Eskom has 15 coal-fired power stations in its fleet. Thirteen of these are old, with an average age of 42 years, Eskom’s Oberholzer says. They were built at a time when environmental regulations were far more lenient, so no, or little, pollution-mitigating technology was installed during or after construction.
However, the Act was promulgated in 2004 – 17 years ago – which means that the power utility had the opportunity to install the necessary equipment over time. But the organisation’s various CEOs deferred those projects.
While it may be true that the seven stations the officer has refused exemptions to might not in fact add 16 000 MW to the grid, whatever they do currently add will most certainly be lost.
According to Oberholzer, the average utilisation factor for Eskom’s power stations is at 90%. The globally accepted standard or norm is 75%. This means that those power stations are already under extreme pressure to meet demand.
The loss of whatever power the above-mentioned five stations currently supply, would put extra pressure on the remaining ten coal-fired stations which can legally operate. That extra pressure will most likely result in additional breakdowns and trips, making Eskom’s electricity supply even more unreliable and unpredictable than it already is.
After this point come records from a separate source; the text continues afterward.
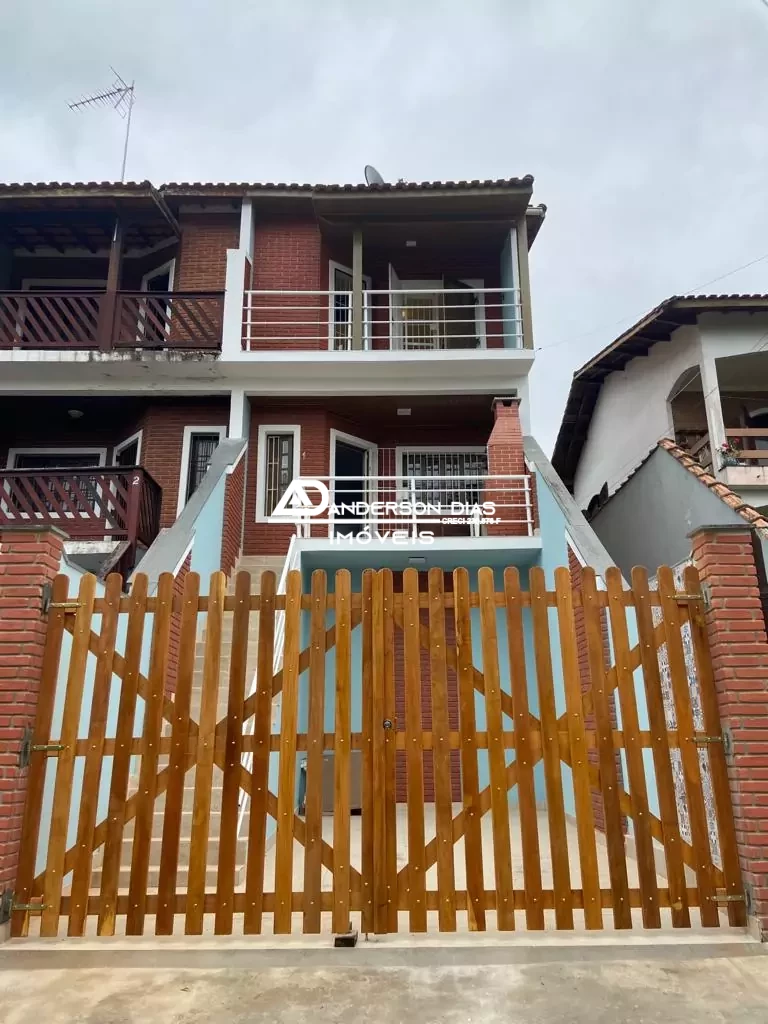 Sobrado em Condomínio com 2 Dormitórios, mobiliado com 85,00m² à venda por R$ 500.000,00 - Massaguaçu- Caraguatatuba/SP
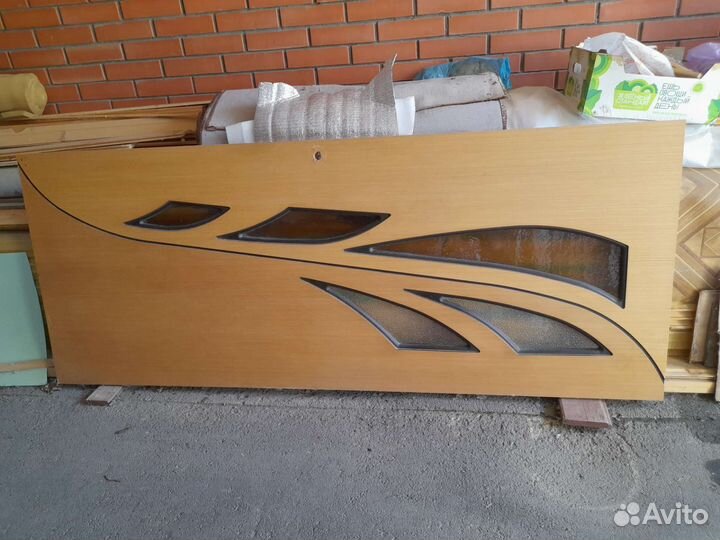 Дверь входная деревянная бу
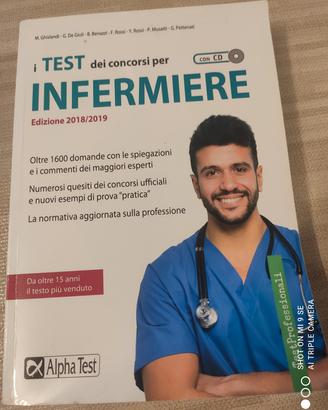 libro concorsi infermiere 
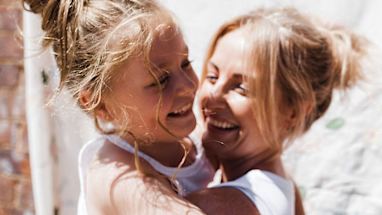 Aimee Morrisby and Francesca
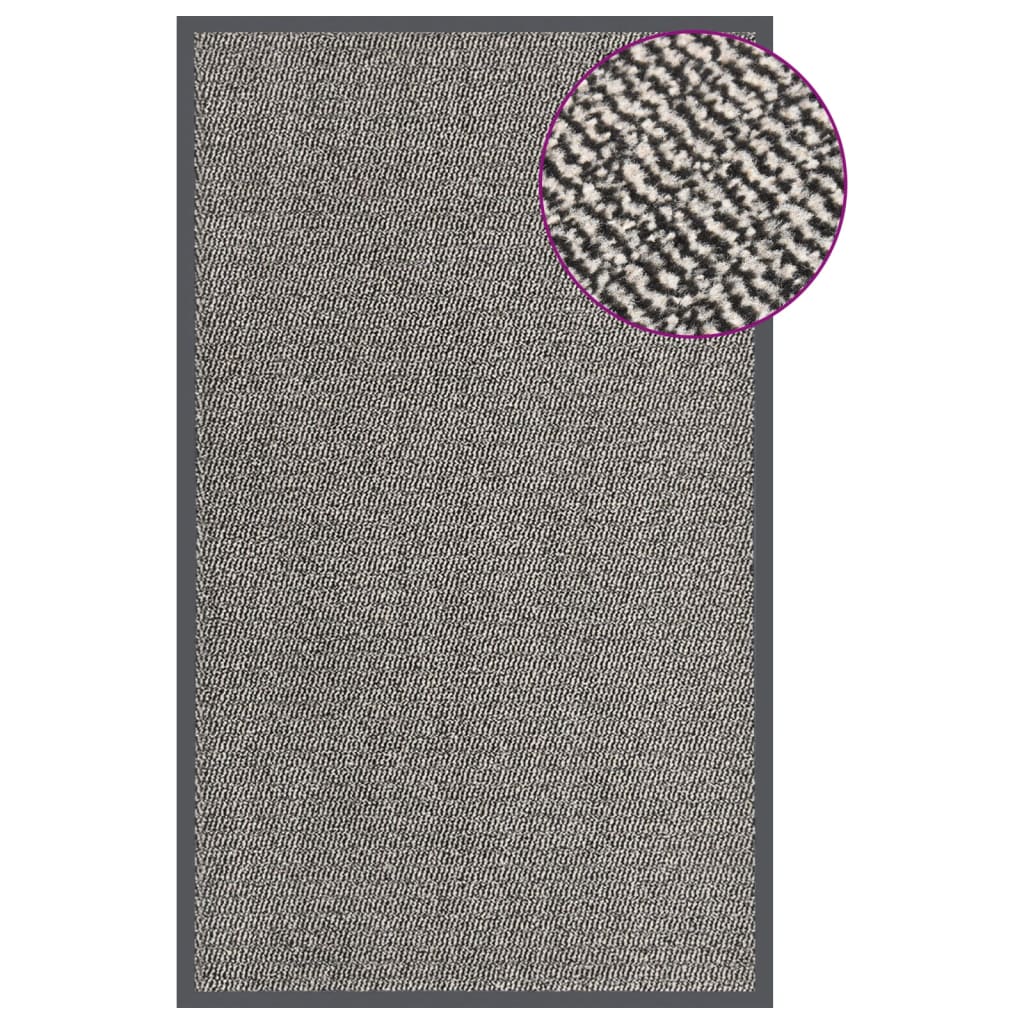 Vidaxl Doormat TufTed 90x150 cm svetlo rjava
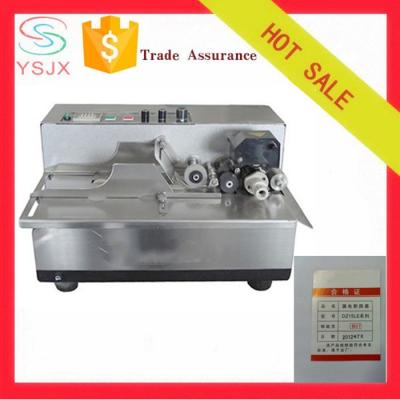 China Printer Automatic Date Stamp Batch Number Paper Printing Machine for sale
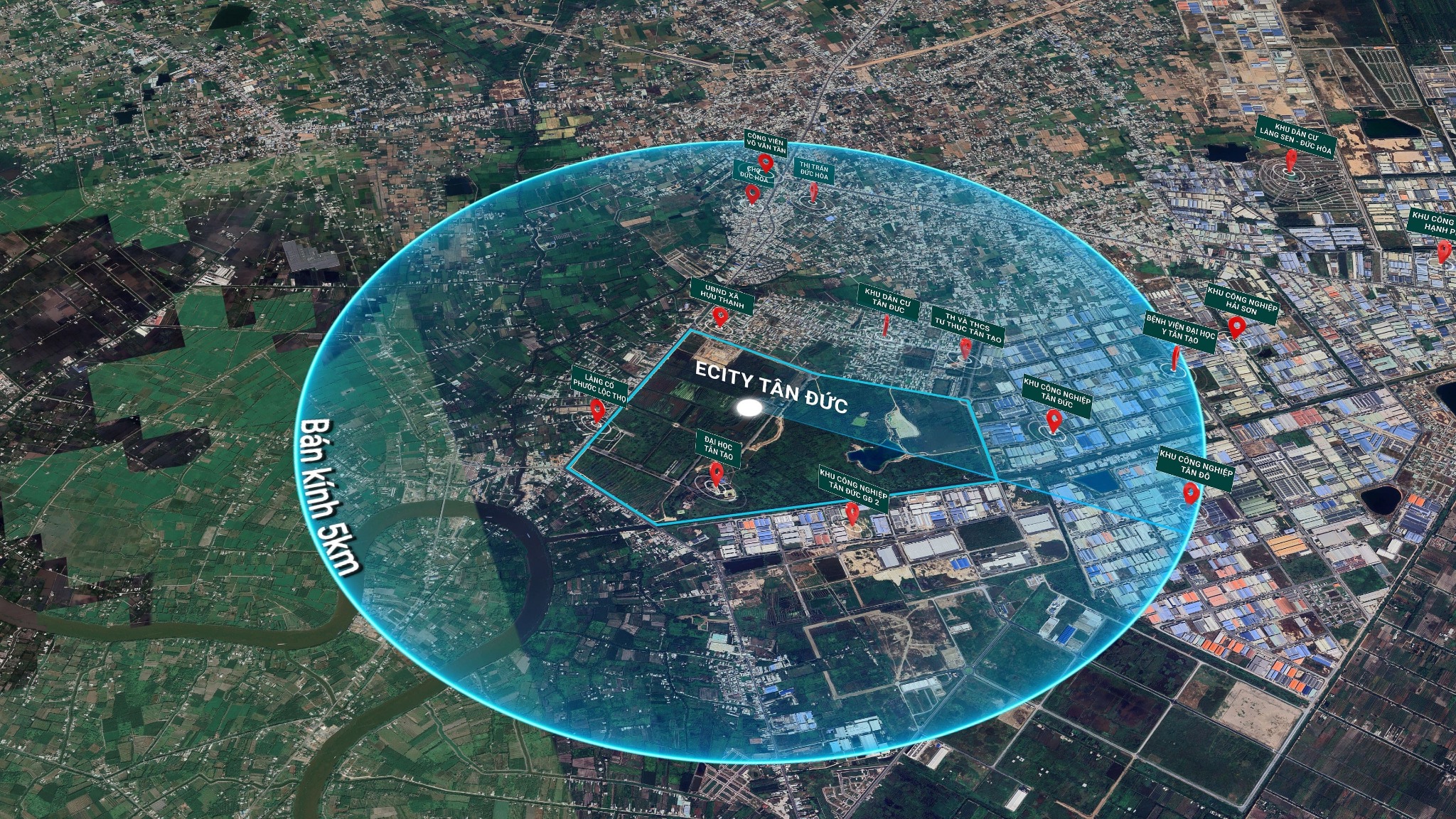 khu đô thi ecity tân đức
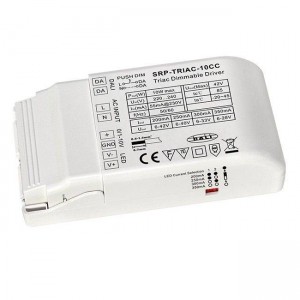 Driver TRIAC Dimmable DALI PUSH 0/1-10V 10W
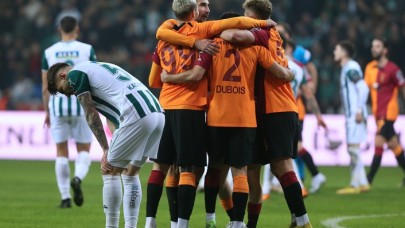 Giresun'a fark attı. Galatasaray 10'da 10 yaptı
This could lead to high stages of load shedding (or load rotation), more frequently, as the utility tries to share the little it can produce with as many communities as possible. Should it be unable to do so, and should a sufficient number of units trip at the same time, we could lose the grid completely.
What will Government do?
Eskom says, however, that it cannot accept the NAQO’s decision and will seek political support for its applications.
Should it do so, it will place the government in a difficult position. On the one hand, the cost of load shedding on the economy, which was estimated by the CSIR in 2019 at being between R60-billion and R120-billion, is unsustainable and would lead to economic regression and a dangerous increase in unemployment.
On the other hand, the government recently updated its Paris Agreement commitment with a pledge to reduce emissions ten years earlier than previously stated. Perhaps it was that pledge which motivated certain countries present at COP26 in Glasgow last month to offer a R131-billion package to assist Eskom’s transition away from coal to clean technologies.
If so, one wonders how those countries would respond if the government were to overrule the NAQO’s decision and allow Eskom to continue emitting deadly emissions and particulates into the atmosphere.